Kreis wartet auf weitere Anweisungen

Es bleibt also abzuwarten, wie viele und welche Kreise und kreisfreien Städte im Land am Ende bei der Karte mitmachen werden. Der Kreistag des Kreises Mainz-Bingen beispielsweise beauftragte kürzlich die Kreisverwaltung, die Einführung sowie die Möglichkeiten einer zeitnahen Umsetzung einer Bezahlkarte zu überprüfen, wie ein Sprecher des Kreises mitteilte. Insgesamt stehe der Kreis der Einführung einer Karte positiv gegenüber.

Eine wesentliche Voraussetzung sei, dass die Rahmenbedingungen stimmten und einheitlich im Land verfahren werde. Der Kreis habe dem Land signalisiert, dass eine landeseinheitliche Vorgehensweise beziehungsweise Empfehlung für notwendig erachtet würden. «Andernfalls könnte dies dazu führen, dass sich die Leistungsbehörden der Landkreise unter Umständen untereinander in ihrer Vorgehensweise rechtfertigen müssten.

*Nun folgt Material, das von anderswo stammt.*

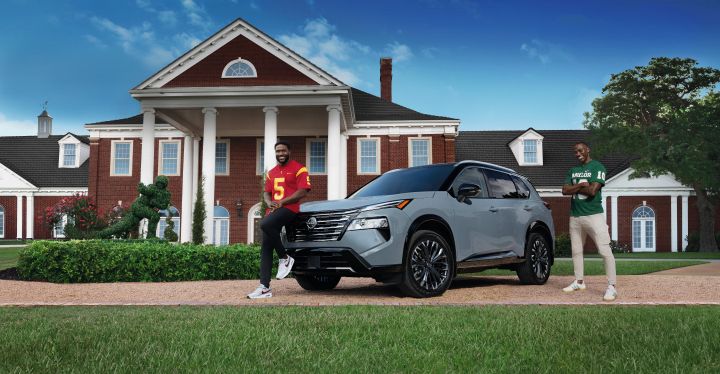 Two football players wearing college football jersey’s standing next to a gray Nissan Rogue in front of a large brick mansion.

Daher wartet der Kreis derzeit auf die weiteren Anweisungen des Landes gegenüber den Leistungsbehörden.»

Im Mainzer Stadtrat wurde im Januar über einen Antrag aus der AfD-Fraktion debattiert. Der hatte sich für eine Umstellung auf Sachleistungen für Asylbewerber zum nächstmöglichen Zeitpunkt und die Prüfung der Einführung einer Guthabenkarte ausgesprochen. In der Diskussion nannte Sozialdezernent Eckart Lensch (SPD) die Einführung einer solchen Karte verwaltungstechnisch aufwendig. Sie führe immer auch zu einer gewissen Stigmatisierung. Aktuell sehe die Stadt keinen Änderungsbedarf. Vertreter anderer Fraktionen verwiesen auf die laufenden Planungen für eine Bezahlkarte auf Landesebene, die abgewartet werden sollten. Der AfD-Antrag wurde schließlich im Mainzer Stadtrat mehrheitlich abgelehnt.

Flüchtlingsrat: Aspekte der Karte könnten verfassungswidrig sein

In der Beratungsarbeit des rheinland-pfälzischen Flüchtlingsrates spielt die Bezahlkarte bisher keine Rolle. «Da gibt es andere, sehr viele wichtigere Themen», teilte das Gremium mit. Aus Sicht des Flüchtlingsrates könnten einige Aspekte der geplanten Bezahlkarte verfassungswidrig sein. Als Begründung wurde genannt, dass Bargeldabhebungen auf 50 Euro beschränkt und Überweisungen ausgeschlossen werden könnten. Diese Einschränkung würde etwa ausschließen, dass die für ein Asylverfahren oft unabdingbaren Rechtsbeistände bezahlt werden können. Weder eine Anzahlung noch Ratenzahlung wäre möglich.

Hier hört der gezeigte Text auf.